Though it had everything to offer, the book just didn’t capture me. It was as
promised on the back, “graceful, poetic, and a book of accelerating tension.” So what was my problem? Isn’t that about as much as any fiction book can offer? I’m exhausted by the enormity of what has been prepared and delivered as reading material in books of four dozen genres, ebooks, magazines, blogs and newspapers. I’ve always wanted to keep up with all of it, but now perhaps Thanksgiving is over and I feel the need for a long reader’s nap.
Maybe I’m envious. The book is excellently written, lauded by many, in several languages, and whatever this author publishes is read by millions. I imagine a plush and private writing room with a fine Turkish carpet and a window that overlooks a lush garden with hydrangeas still dripping from a predawn rain. I see a calendar with a dinner date at a nice restaurant with a bald, devoted editor, and waiting at an office is a staff of eager proofreaders that will fix grammar mistakes. Yes, now that I put that picture into existence, if I wasn’t already, I am now envious.

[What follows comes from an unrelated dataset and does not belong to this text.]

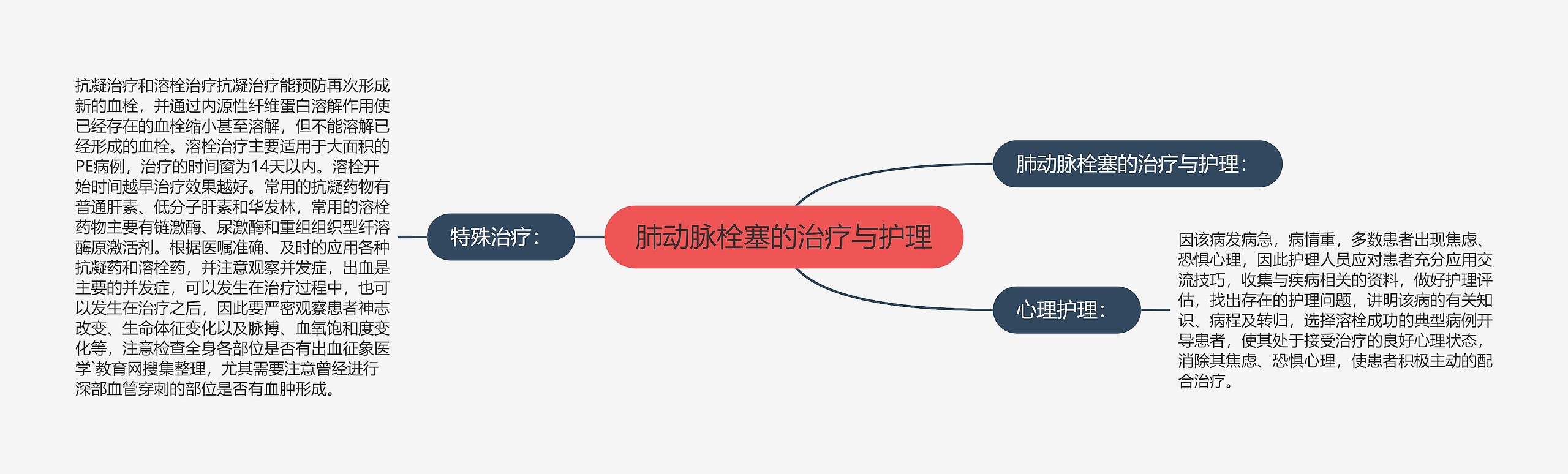 肺动脉栓塞的治疗与护理思维导图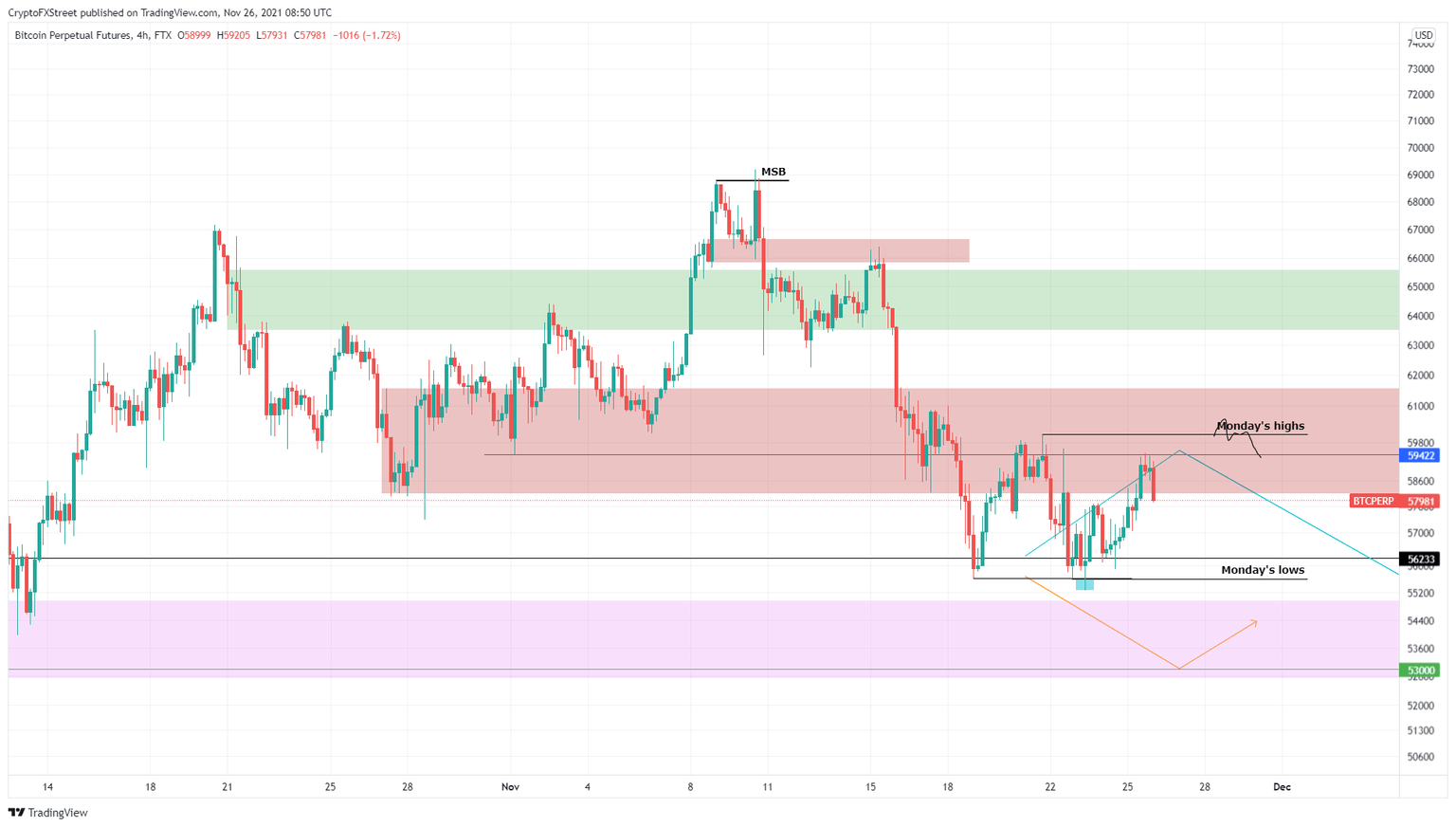 BTC/USDT 4-hour chart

That also feels like an easy admission. When in doubt blame yourself and the world often forgives. I’ve used the ruse before even when it only partly fit. That’s an easy conclusion, but the sub-story is hovering within me in a stew of order and chaos. Where does a fiction book fit with all the other books of four dozen genres, magazines, blogs, and newspapers? Where does the written word fall into place in meaning, value, necessity? Where and how in the universe does this matter?